◆ Exercise details:
Please reproduce the entries exactly, skipping each picture.

-- Entries shown follows --

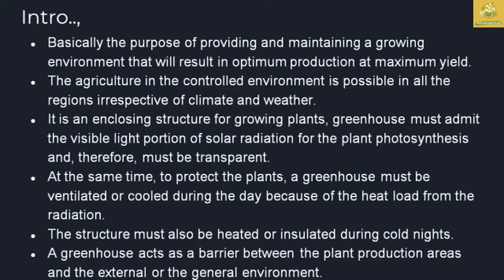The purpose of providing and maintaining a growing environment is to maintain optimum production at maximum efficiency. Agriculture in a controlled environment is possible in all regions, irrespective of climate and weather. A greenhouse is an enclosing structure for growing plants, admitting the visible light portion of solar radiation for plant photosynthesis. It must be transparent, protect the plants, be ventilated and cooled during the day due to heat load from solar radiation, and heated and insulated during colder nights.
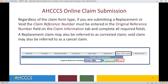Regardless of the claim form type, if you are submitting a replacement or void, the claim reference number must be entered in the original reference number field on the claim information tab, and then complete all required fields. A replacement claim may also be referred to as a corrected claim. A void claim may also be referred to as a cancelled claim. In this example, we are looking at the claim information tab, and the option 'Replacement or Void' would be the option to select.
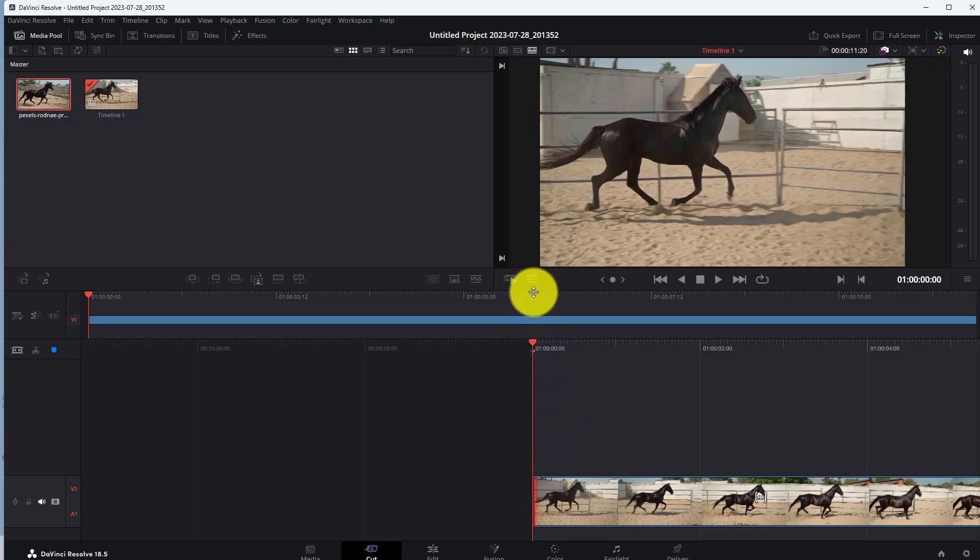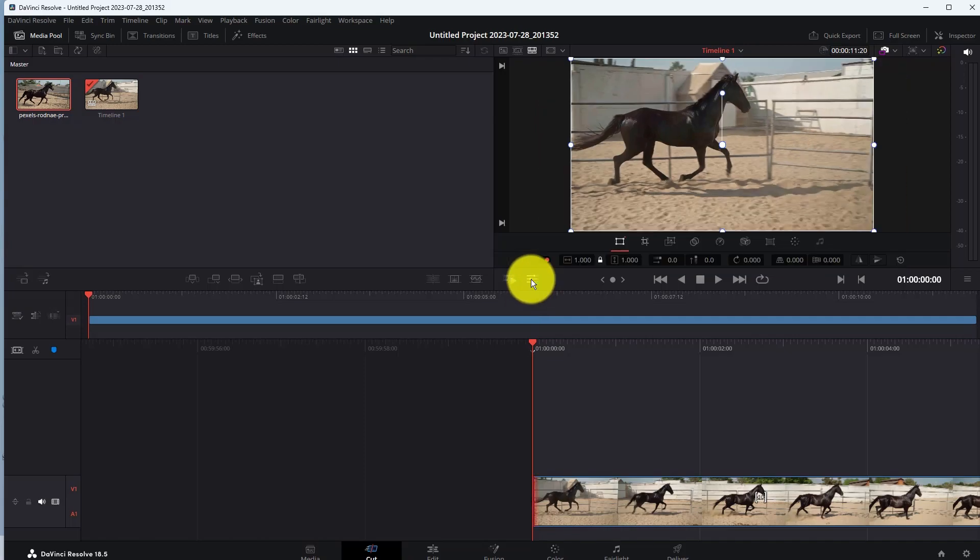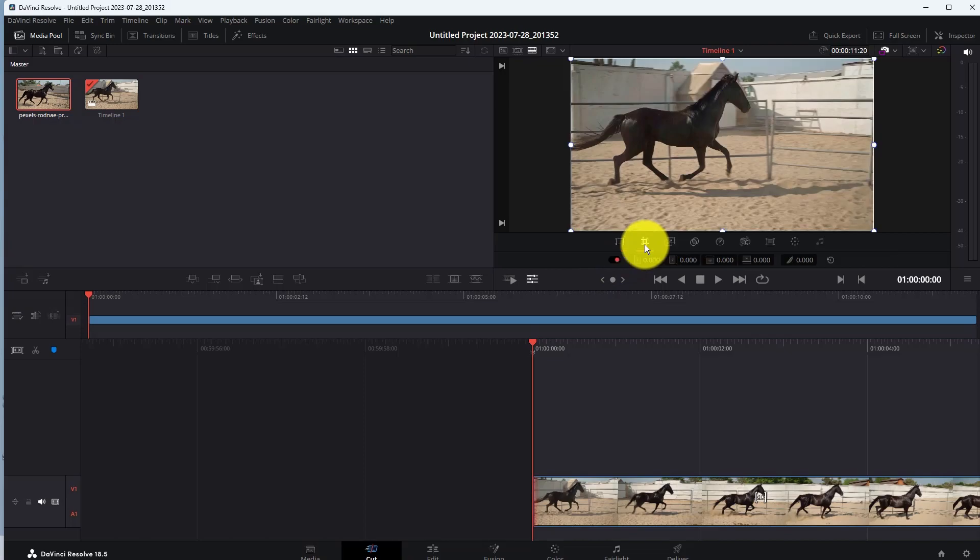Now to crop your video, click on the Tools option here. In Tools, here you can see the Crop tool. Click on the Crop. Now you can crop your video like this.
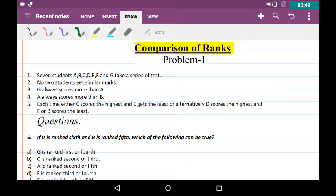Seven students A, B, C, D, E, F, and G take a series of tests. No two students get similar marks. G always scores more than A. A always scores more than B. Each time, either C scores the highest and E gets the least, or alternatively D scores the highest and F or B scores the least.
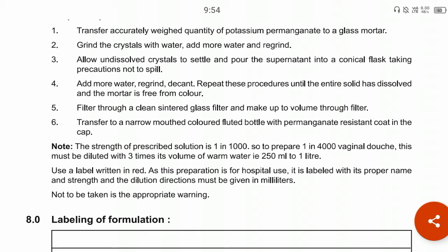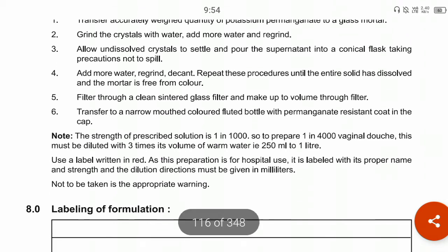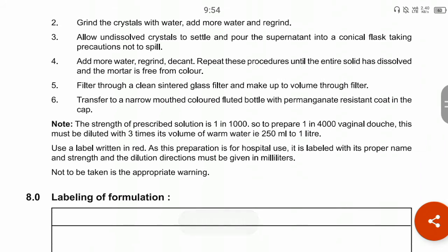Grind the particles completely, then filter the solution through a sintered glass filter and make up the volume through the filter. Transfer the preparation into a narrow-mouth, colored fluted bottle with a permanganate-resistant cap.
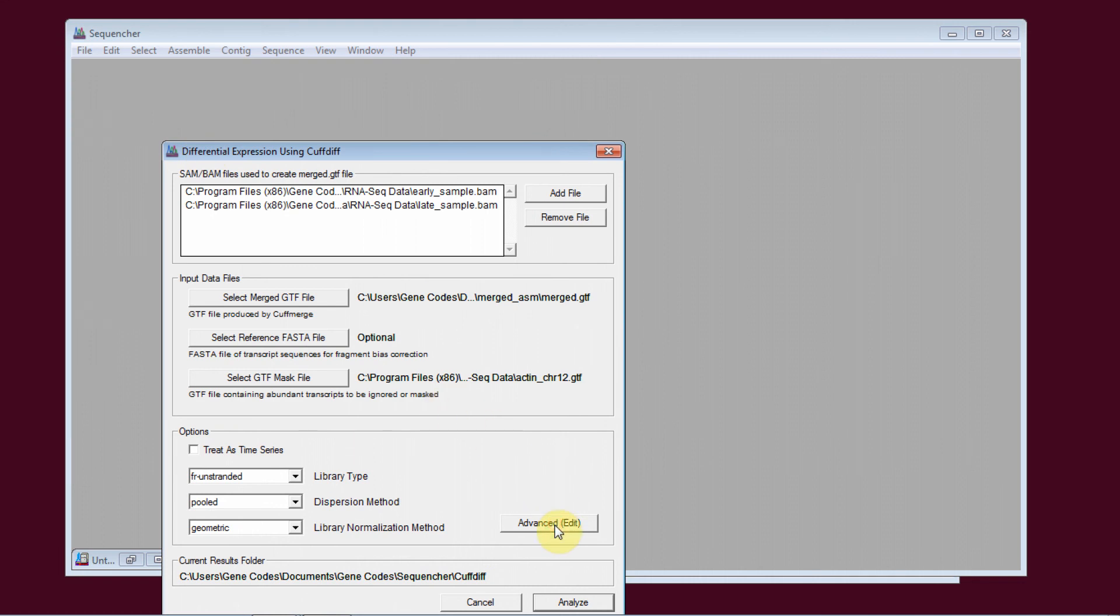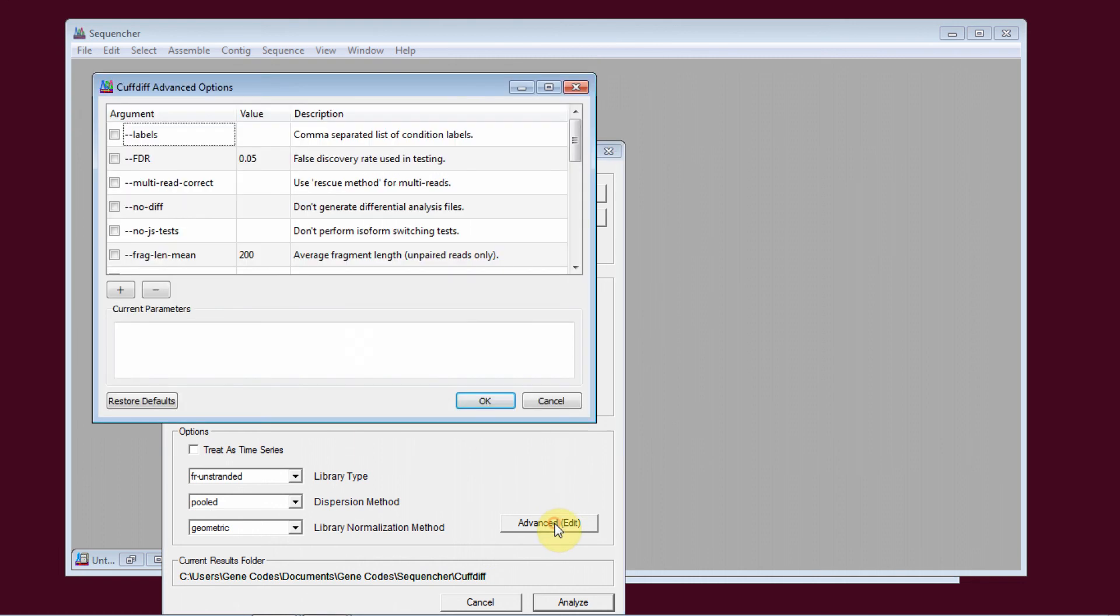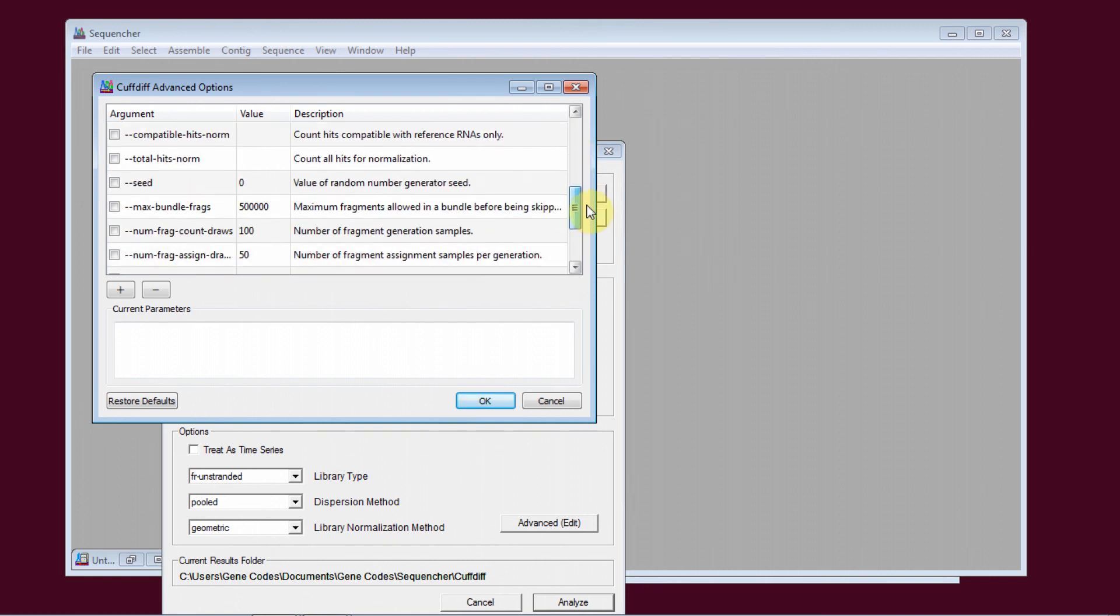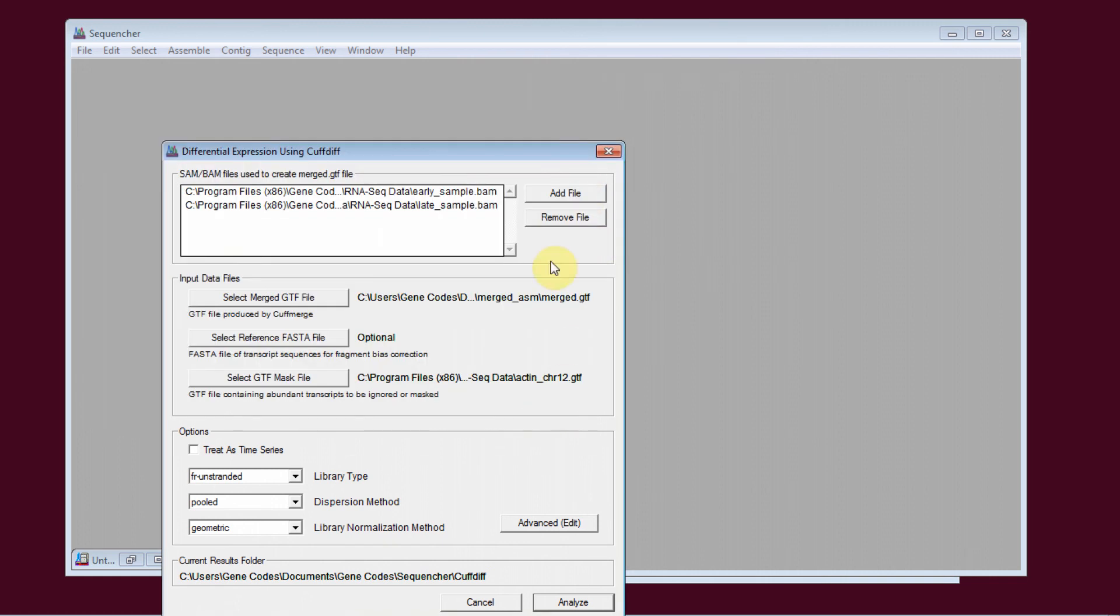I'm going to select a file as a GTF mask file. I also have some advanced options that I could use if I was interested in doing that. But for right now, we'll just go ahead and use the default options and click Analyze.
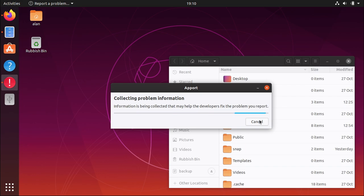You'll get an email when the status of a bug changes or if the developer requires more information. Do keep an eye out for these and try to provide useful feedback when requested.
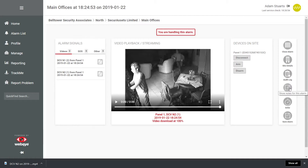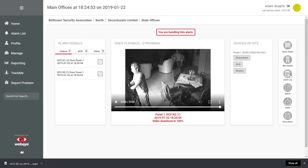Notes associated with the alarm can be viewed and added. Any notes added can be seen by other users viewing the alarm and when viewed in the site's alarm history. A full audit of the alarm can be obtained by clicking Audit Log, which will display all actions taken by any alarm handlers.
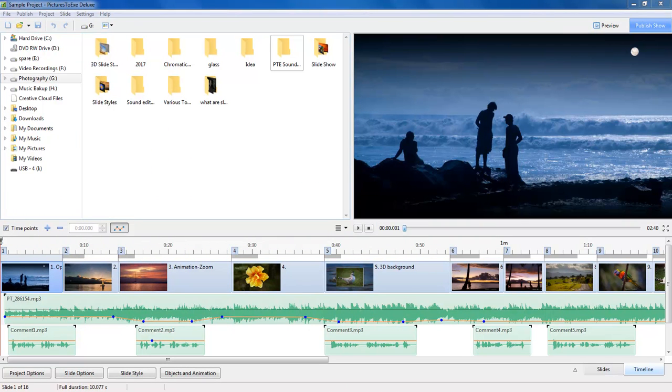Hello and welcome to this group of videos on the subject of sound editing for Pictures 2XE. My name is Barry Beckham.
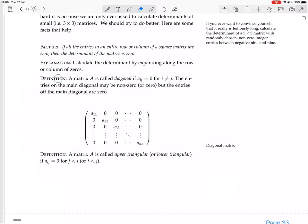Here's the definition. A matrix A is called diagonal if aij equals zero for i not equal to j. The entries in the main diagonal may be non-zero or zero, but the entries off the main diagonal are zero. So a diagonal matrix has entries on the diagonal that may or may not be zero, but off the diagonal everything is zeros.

-- Entries shown concluded --

◆ Response to the task:
The purpose of providing and maintaining a growing environment is to maintain optimum production at maximum efficiency. Agriculture in a controlled environment is possible in all regions, irrespective of climate and weather. A greenhouse is an enclosing structure for growing plants, admitting the visible light portion of solar radiation for plant photosynthesis. It must be transparent, protect the plants, be ventilated and cooled during the day due to heat load from solar radiation, and heated and insulated during colder nights.
Regardless of the claim form type, if you are submitting a replacement or void, the claim reference number must be entered in the original reference number field on the claim information tab, and then complete all required fields. A replacement claim may also be referred to as a corrected claim. A void claim may also be referred to as a cancelled claim. In this example, we are looking at the claim information tab, and the option 'Replacement or Void' would be the option to select.
Now to crop your video, click on the Tools option here. In Tools, here you can see the Crop tool. Click on the Crop. Now you can crop your video like this.
Seven students A, B, C, D, E, F, and G take a series of tests. No two students get similar marks. G always scores more than A. A always scores more than B. Each time, either C scores the highest and E gets the least, or alternatively D scores the highest and F or B scores the least.
Grind the particles completely, then filter the solution through a sintered glass filter and make up the volume through the filter. Transfer the preparation into a narrow-mouth, colored fluted bottle with a permanganate-resistant cap.
I'm going to select a file as a GTF mask file. I also have some advanced options that I could use if I was interested in doing that. But for right now, we'll just go ahead and use the default options and click Analyze.
You'll get an email when the status of a bug changes or if the developer requires more information. Do keep an eye out for these and try to provide useful feedback when requested.
Notes associated with the alarm can be viewed and added. Any notes added can be seen by other users viewing the alarm and when viewed in the site's alarm history. A full audit of the alarm can be obtained by clicking Audit Log, which will display all actions taken by any alarm handlers.
Hello and welcome to this group of videos on the subject of sound editing for Pictures 2XE. My name is Barry Beckham.
Here's the definition. A matrix A is called diagonal if aij equals zero for i not equal to j. The entries in the main diagonal may be non-zero or zero, but the entries off the main diagonal are zero. So a diagonal matrix has entries on the diagonal that may or may not be zero, but off the diagonal everything is zeros.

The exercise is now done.